This in-depth exploration of applications of combinatorial optimization to communications networks focuses primarily on wireless networks and optical networks, which are the main areas of research of the three editors. Although the book consists of numbered chapters, it is in reality a collection of survey papers. The book takes the approach of allowing the application to drive the discussion, so each chapter introduces a problem in an area of networking, and then subsequently focuses on a technique from combinatorial optimization that is used to attack the problem.
In networking, the book explores such topics as optimal server allocation in wireless networks, multipath routing, allocation policies, quality of service, wavelength-division multiplexing (WDM) switching networks, topology in both optical and wireless networks, dynamic simulcasting, and failure recovery. All these problems involve improvement objectives such as quality of service, cost, or performance in a network, and thus they lend themselves to a combinatorial optimization approach. Among techniques from combinatorial optimization, we find evolutionary algorithms, pathfinding algorithms, semidefinite programming, stochastic programming, linear programming, and scheduling algorithms.

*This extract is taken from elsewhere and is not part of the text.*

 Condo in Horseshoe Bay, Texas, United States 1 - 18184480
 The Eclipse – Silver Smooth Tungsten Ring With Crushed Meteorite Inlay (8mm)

The book is comprehensive and detailed. It can be somewhat repetitive, since each chapter is self-contained; acronyms and definitions are necessarily repeated. The chapters are well written, however, and feature a wealth of references. The audience for this book would be researchers in the combinatorial optimizations field who are looking to explore applications of familiar techniques. A graduate student looking for a thesis problem would also find the book useful. In this regard, the book could have been improved with the addition of some suggested open problems, but this is a minor issue. The real strength of this book is its inclusiveness and broad range.